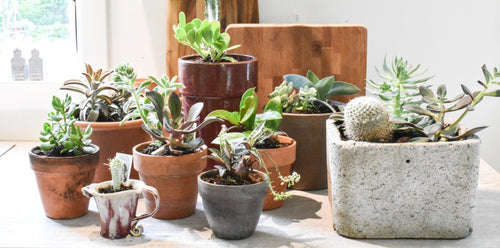 How to Grow Succulents Indoors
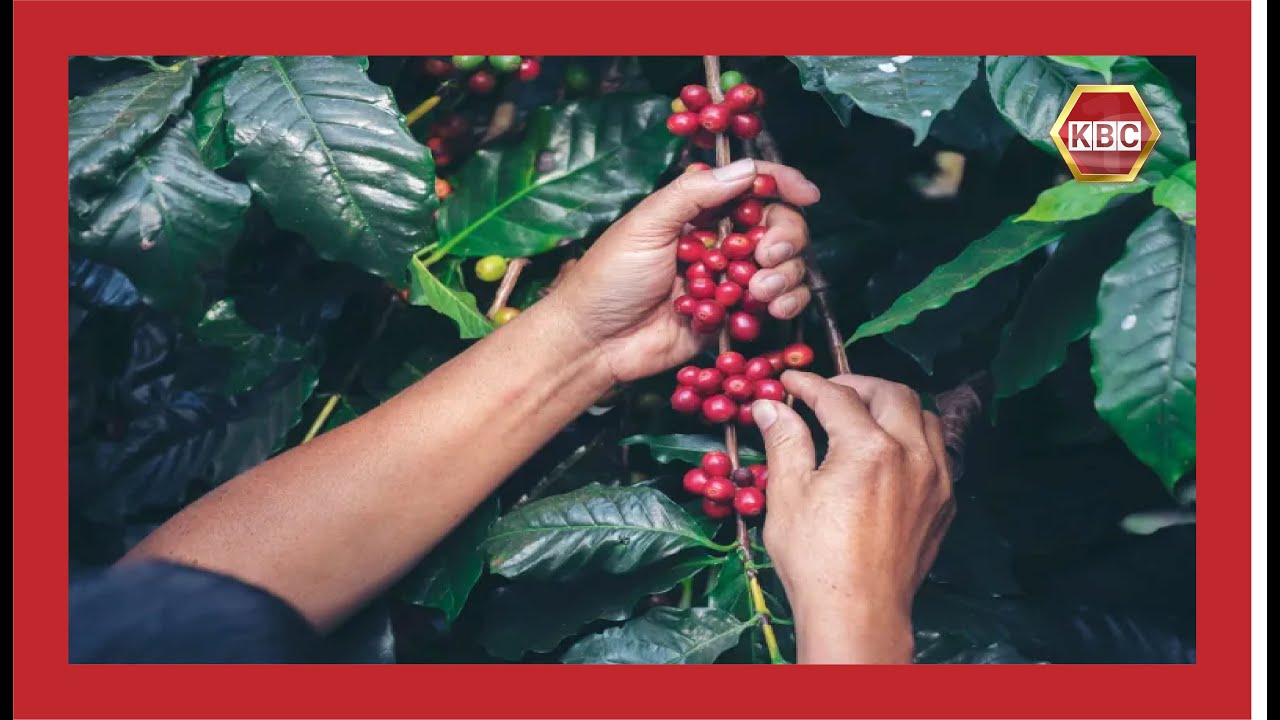 Coffee prices rally on high demand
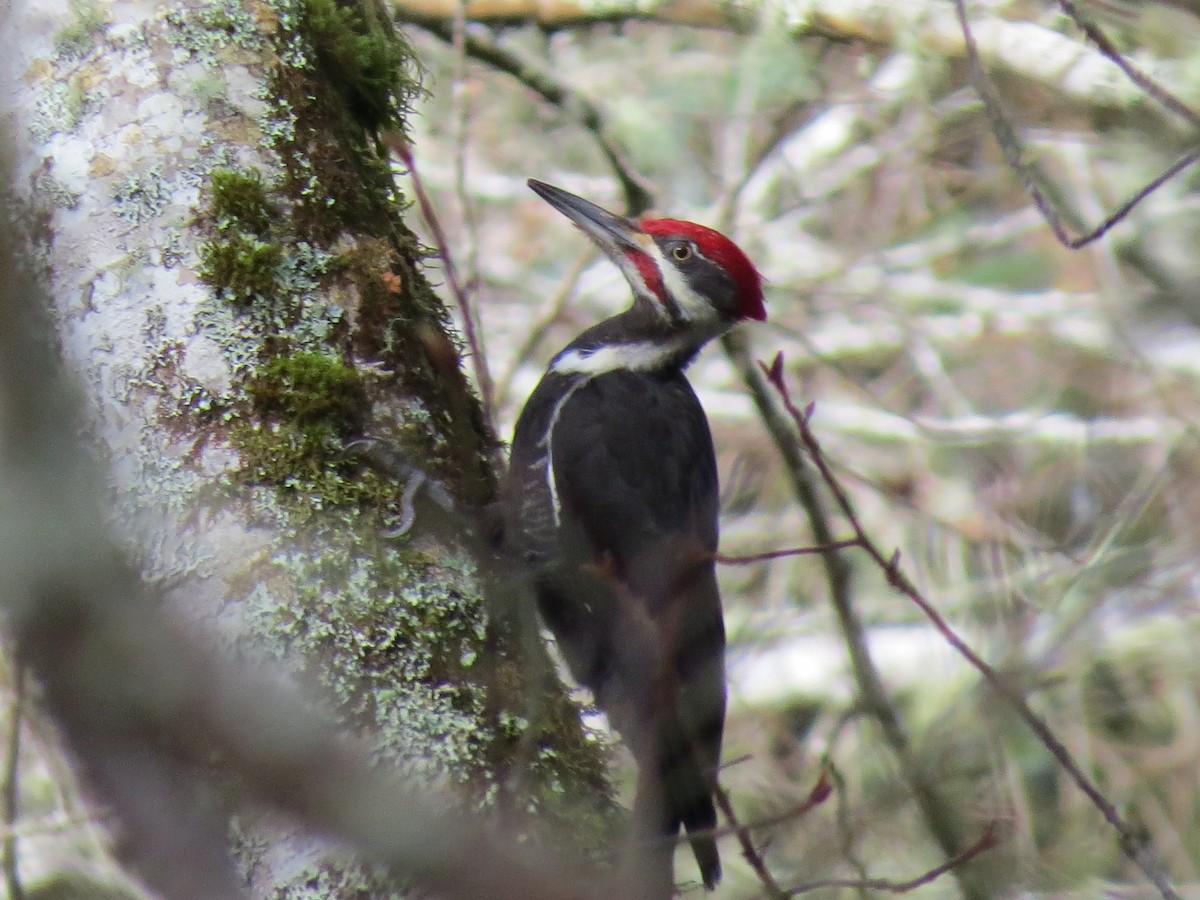 Pileated Woodpecker - ML24523511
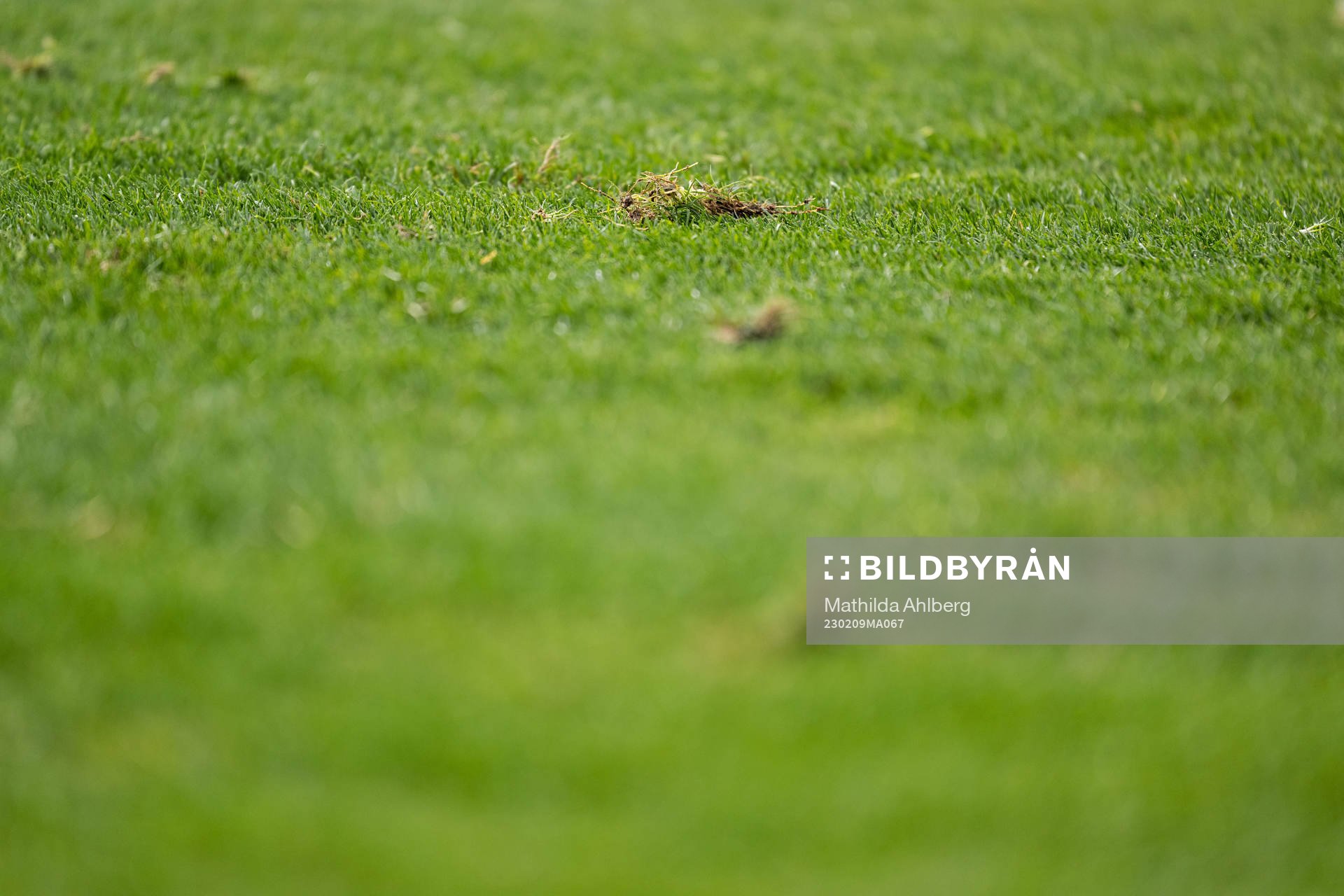 The pitch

-.-.-

# The task:
Your response must reproduce every line of the data exactly, with images omitted.

# Answer below:
 How to Grow Succulents Indoors
 Coffee prices rally on high demand
 Pileated Woodpecker - ML24523511
 The pitch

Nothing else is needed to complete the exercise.